Bon, Yellowstone est objectivement incroyable. Le paysage est dément : bassins fumants aux couleurs d'arc-en-ciel, geysers qui jaillissent de nulle part, troupeaux de bisons errant dans la brume comme dans la scène d'ouverture d'un film de fantasy. Mais l'expérience réelle de la visite de Yellowstone consiste surtout à se faire ordonner avec insistance de ne pas faire certaines choses.
Ne touchez pas aux sources chaudes. Ne quittez pas le ponton. Ne vous approchez pas des bisons. Ne nourrissez pas les ours. Ne vous arrêtez pas en pleine route parce que vous avez vu un wapiti vaguement planté près d'un arbre. Ne mourez pas dans les formations thermales.

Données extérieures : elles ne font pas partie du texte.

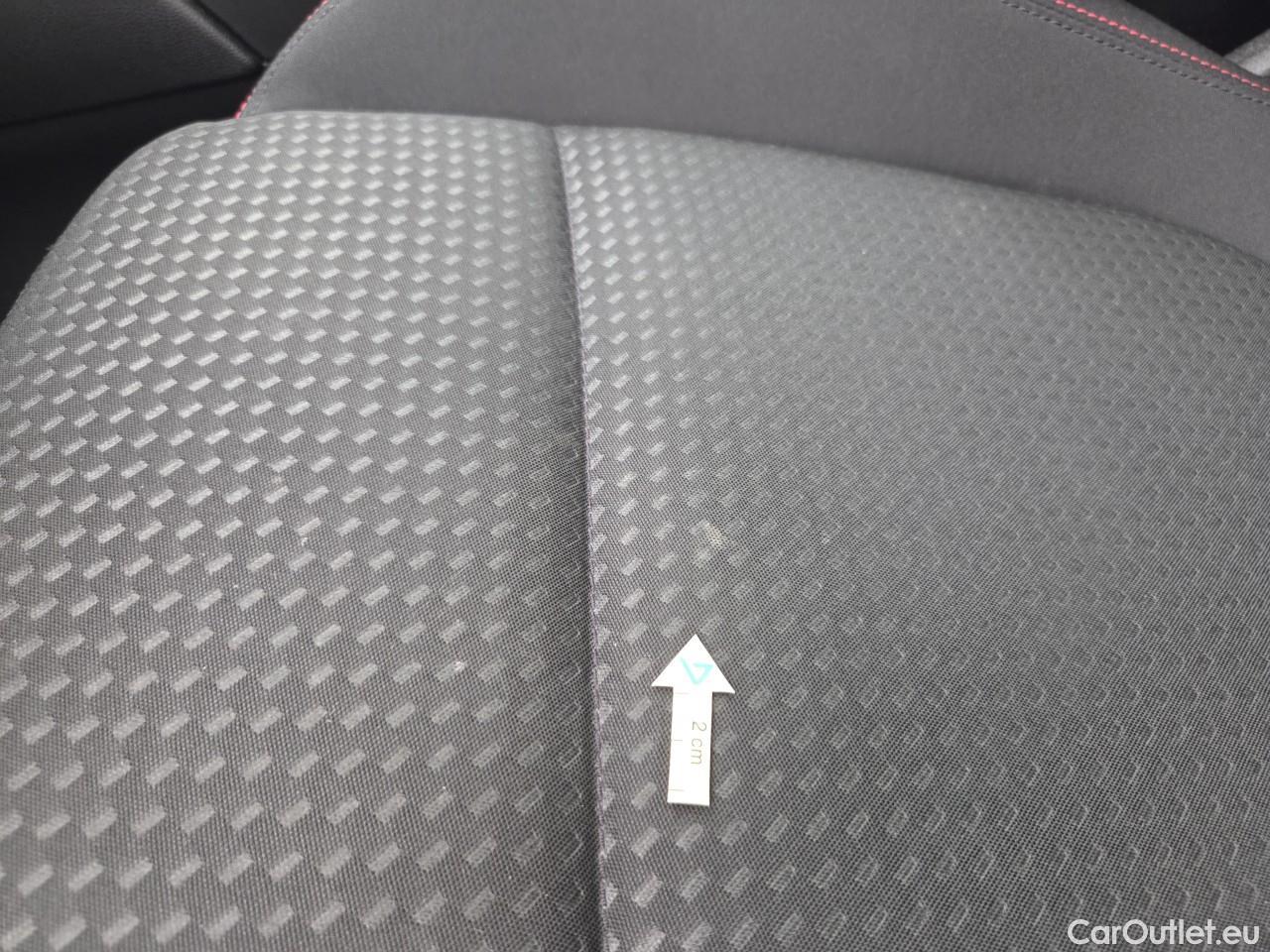  Ford  Focus 1.5 EcoBoost 182CP ST Line Auto #27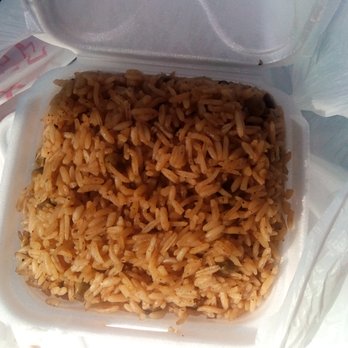 Smiling Brother Restaurant - Delicious rice - Haitian Near Me - Miramar, Florida Smiling Brother Restaurant - Delicious rice - Haitian Near Me - Miramar, Florida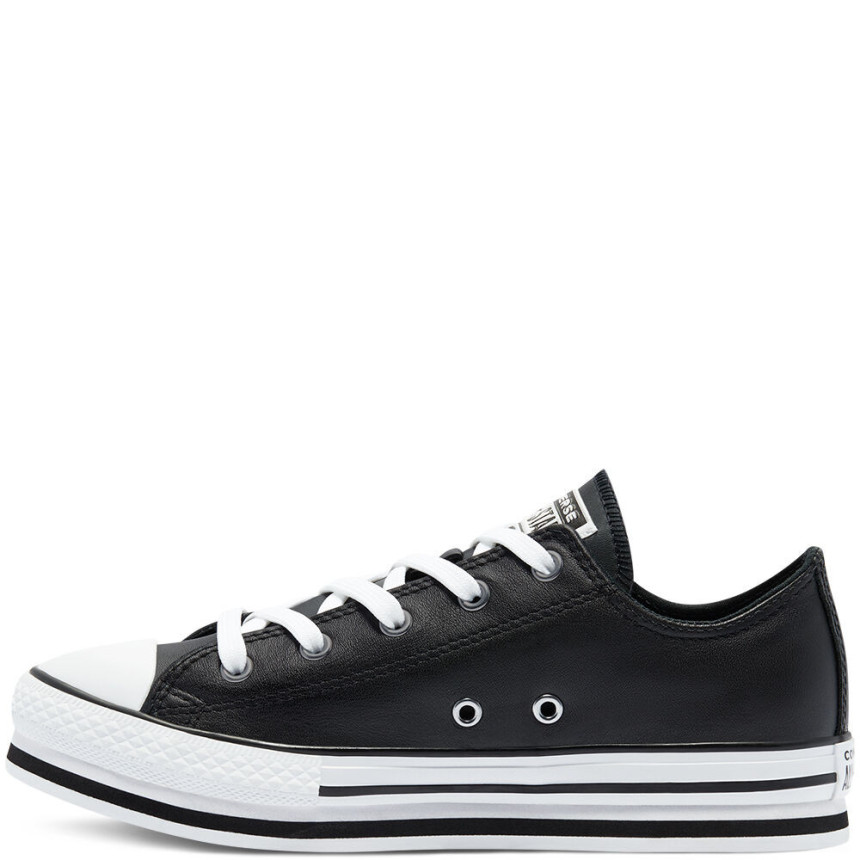 Zapas all star discount converse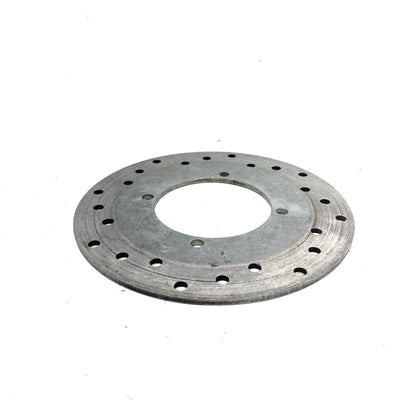 01-02 Polaris Magnum 325 4X4 OEM Rear Brake Rotor 5244882 AP241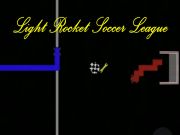 ゲームライトロケットサッカーリーグオンライン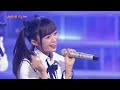 akb48 festival 2016 sp live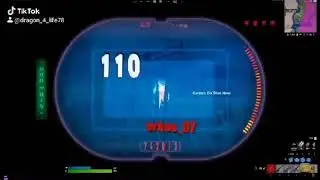 Sniping montage (Mando sniper)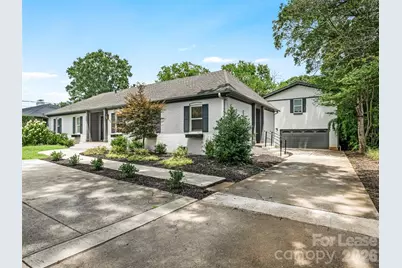 3319 Providence Road, Charlotte, NC 28211 - Photo 34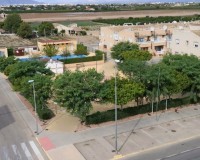 Sale - Townhouse - Formentera del Segura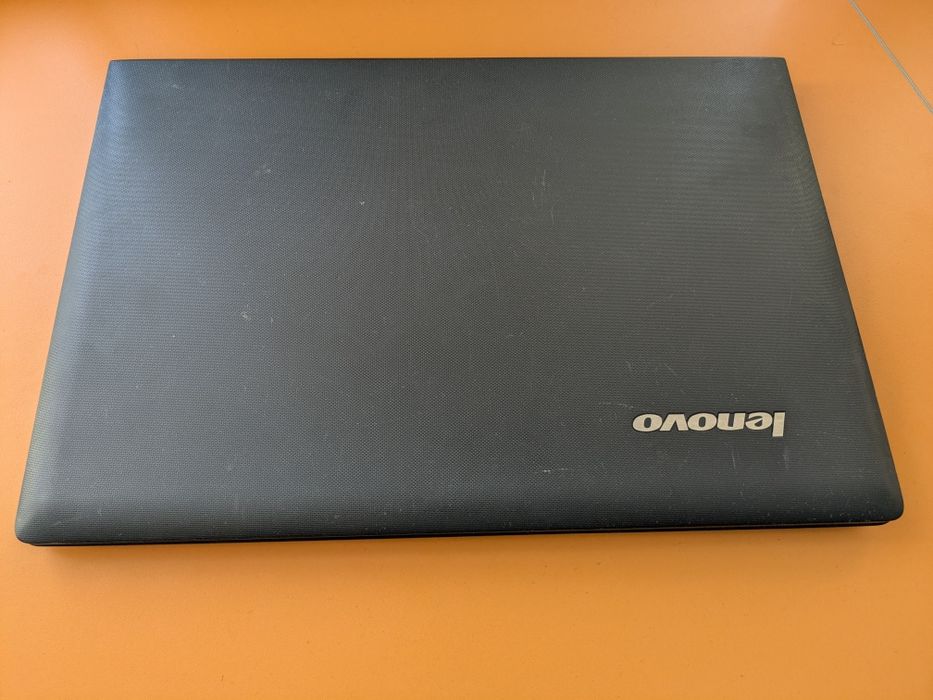 Продам ноутбук Lenovo G50-45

Toutes les quelques minutes, un nouveau panneau explique précisément comment le parc peut vous tuer. Et pas d'une mort sauvage et stylée, non. Yellowstone vous menace d'une mort profondément humiliante. Une mort dissous-par-l'acide. Une mort tombé-à-travers-la-croûte-terrestre-et-bouilli. Une mort « le touriste a ignoré les panneaux d'avertissement et s'est transformé en soupe ».
Et apparemment ces avertissements sont nécessaires, parce que les visiteurs de Yellowstone se comportent comme des gens qui découvrent la nature pour la première fois. Chaque aire de stationnement contient au moins un type en lunettes Oakley qui s'approche lentement d'un bison avec l'assurance d'un homme qui n'a jamais perdu un combat contre les conséquences.
Les bisons eux-mêmes ont l'air activement offensés qu'on les regarde. Ils sont gros comme des camions, perpétuellement en colère, et dégagent une énergie préhistorique « tu ne me cherches pas » à cinquante mètres à la ronde.
La circulation est aussi d'une bêtise unique. Pas à cause d'accidents ou de travaux, mais parce que quelqu'un a repéré un loup aux jumelles et que maintenant quatre-vingts SUV se sont arrêtés en plein milieu de la route comme si la civilisation venait de s'effondrer.
Et malgré tout ça, Yellowstone est incroyable. C'est ça, le plus frustrant. Vous passerez la moitié du voyage agacé et l'autre moitié à contempler des paysages qui ont l'air complètement faux.
À un moment, le parc tout entier se met à ressembler au musée en plein air le plus dangereux du monde : à couper le souffle, inoubliable, et rempli de visiteurs à qui on ne peut absolument pas faire confiance pour se tenir correctement.